EVM‑IR Type System Specification
This document defines the complete type system for the EVM‑IR dialect.
Types are designed to be:
- Fully deterministic
- Lowerable to raw EVM semantics
- SSA-compatible
- Address‑space aware
- Front‑end independent
EVM‑IR must express all values that can appear during EVM execution while maintaining a clean and analyzable static representation.
Design Principles
Minimal but Sufficient
The EVM has only one real data type: 256‑bit stack words.

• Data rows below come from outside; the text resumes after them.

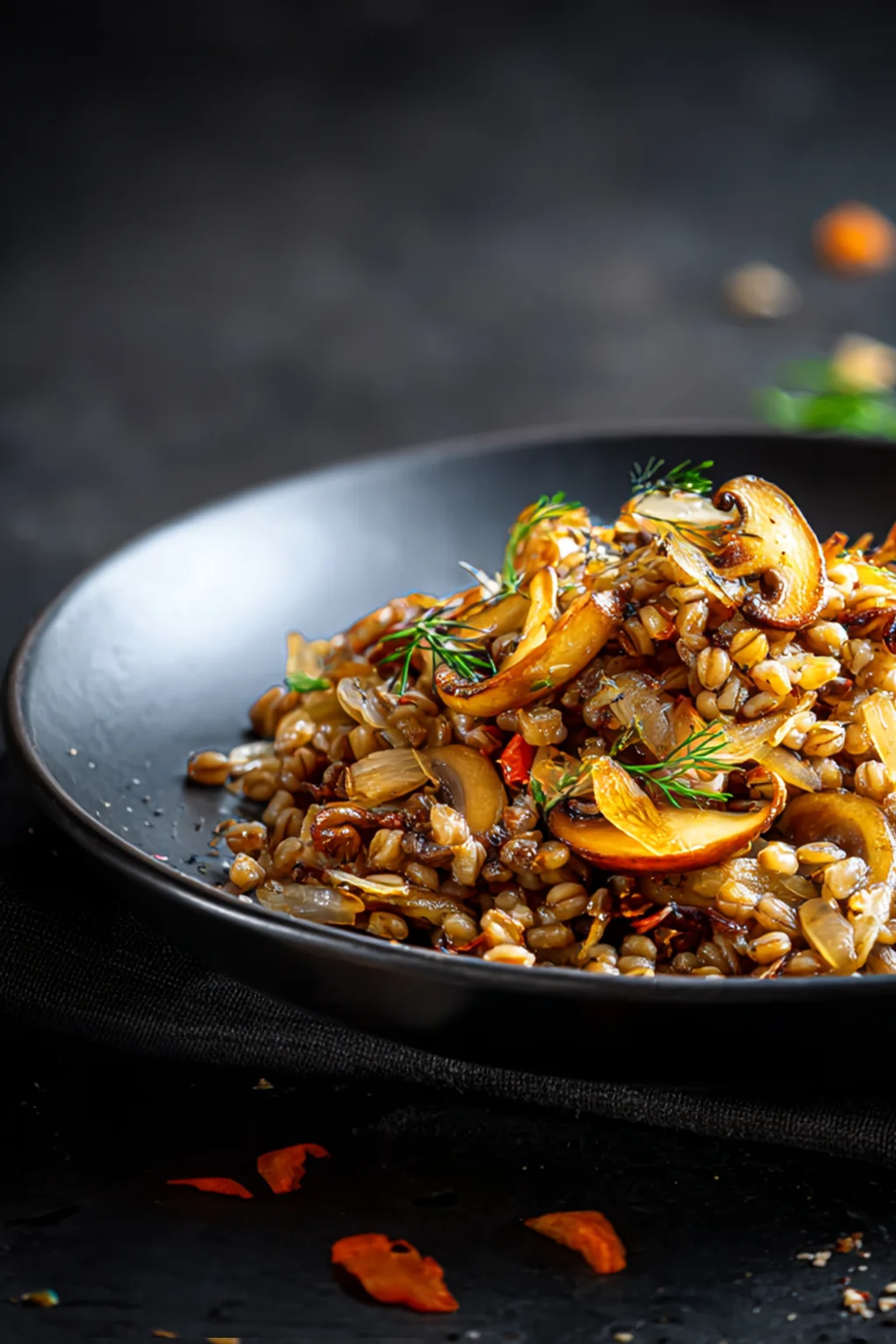 Гречка рассыпчатая с грибами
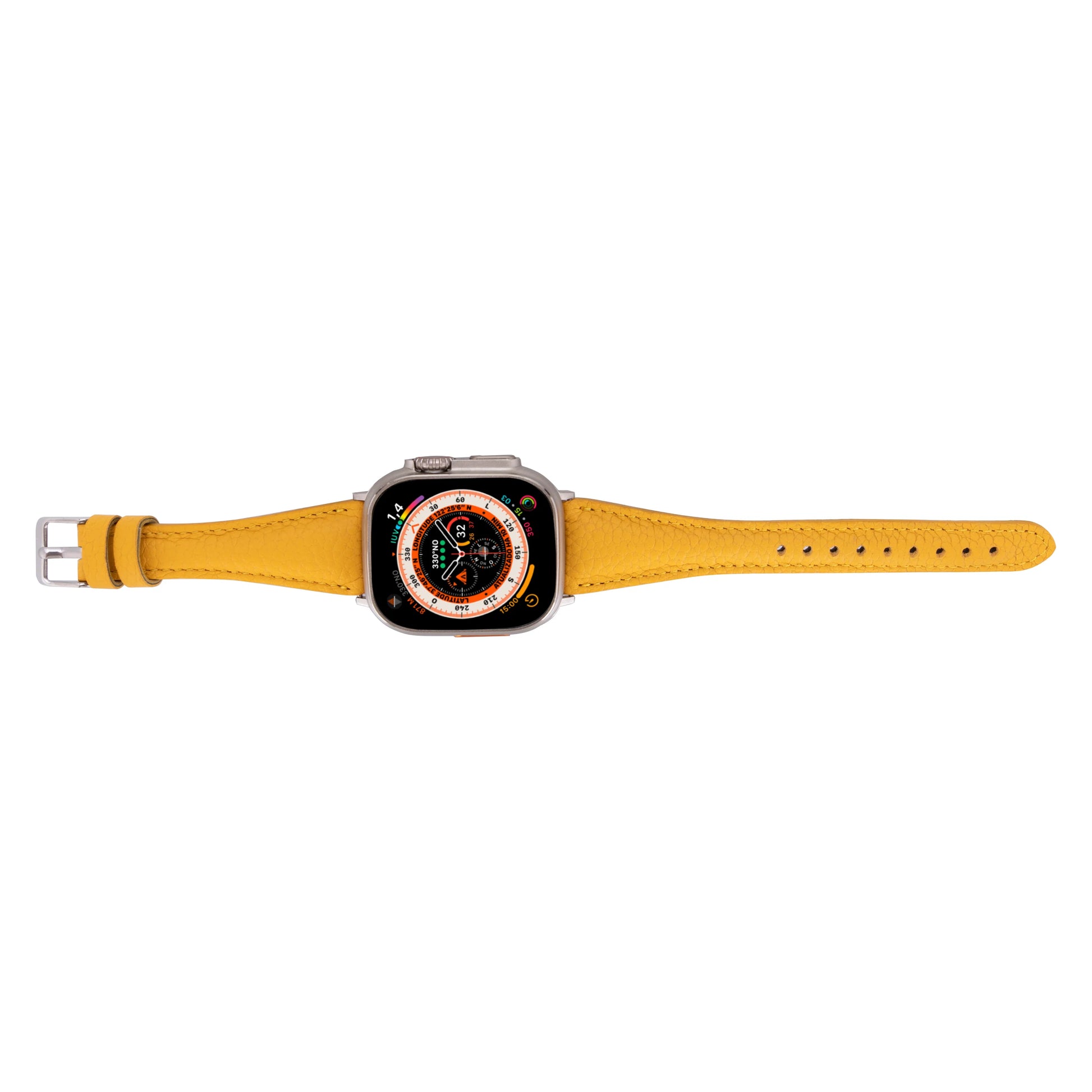 Leather Apple Watch Bands - Clasic Slim Style BRN7
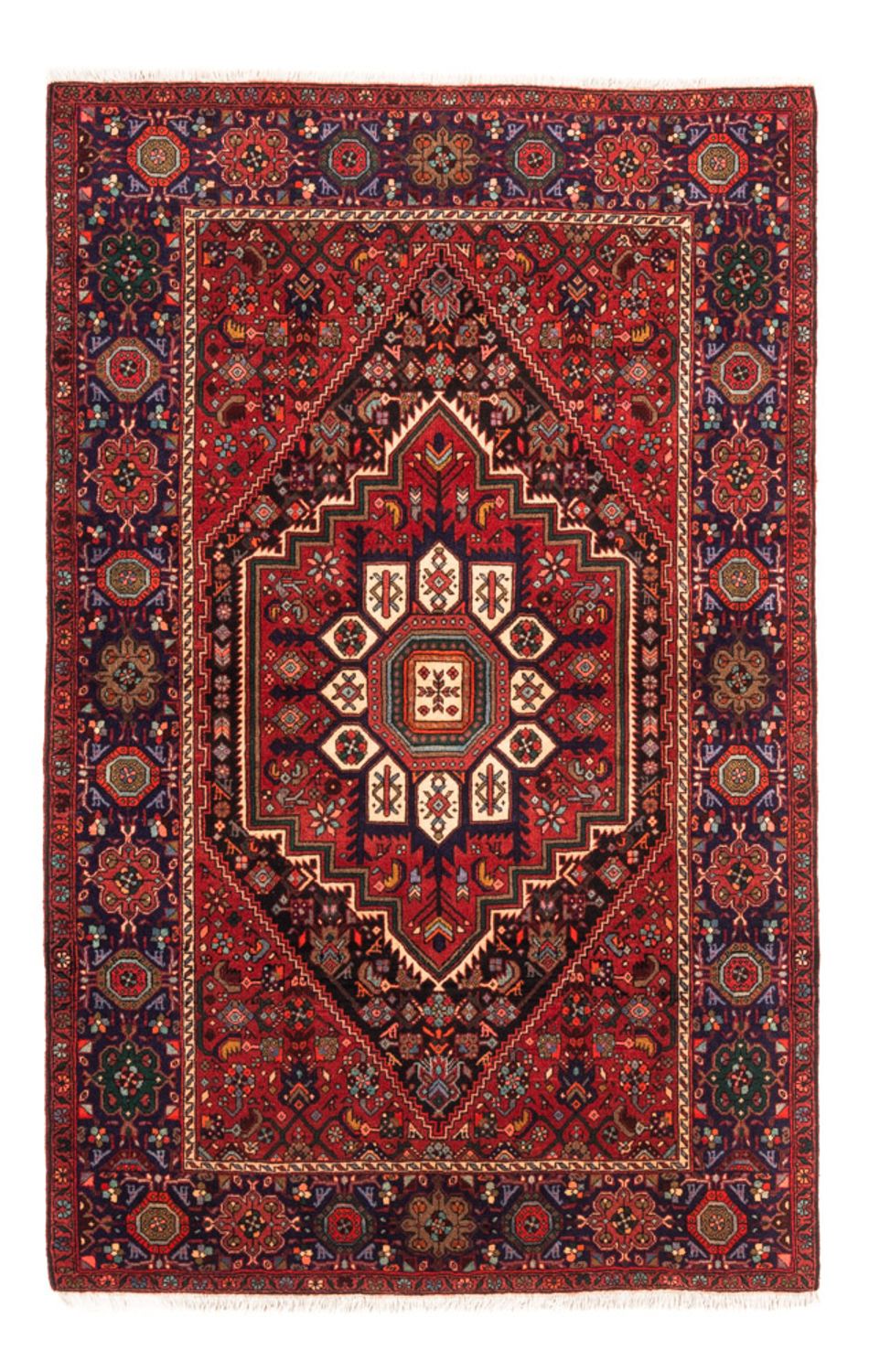 Perser Rug - Nomadic - 152 x 100 cm - red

EVM‑IR exposes a richer static type system for:
- safety
- optimization
- cross‑dialect analysis
- debug info
- ABI lowering
…but all types must map cleanly to EVM stack words, memory bytes, or structured memory regions.
No Composite Types
To keep the IR canonical and close to EVM semantics:
❌ No structs
❌ No tuples
❌ No arrays as first‑class values
❌ No arbitrary-width integers
Front‑ends (like Ora) must lower composites into memory regions before emitting EVM‑IR.
Strongly Typed Pointers
Pointers exist only with explicit address spaces:
- memory (0)
- storage (1)
- calldata (2)
- transient storage (3)
- code (4)
Primitive Types
u256
- Arbitrary EVM stack word
- Represents unsigned integers modulo 2²⁵⁶
- Used for:
- arithmetic
- indexing
- storage keys
- ABI values
This is the dominant type in EVM‑IR.
u160
- 160‑bit value
- Canonical representation for EVM addresses
- Codegen guarantees zero‑extension to 256 bits when needed.
bool
- Logical value restricted to
{0, 1} - Codegen enforces normalization when necessary
- Represented as a 256‑bit stack value where
0 = false,1 = true
u32, u8
These narrower integer types are necessary for:
- byte/word operations
- calldata slicing
- memory offsets
- hashing preparation
Representation:
- always zero‑extended to 256-bit stack words
- do not carry sign information
- survive optimization passes intact
Pointer Types
Pointer syntax:
ptr<addrspace>
ptr<addrspace, size=N>
The addrspace parameter is required and specifies which EVM address space the pointer references.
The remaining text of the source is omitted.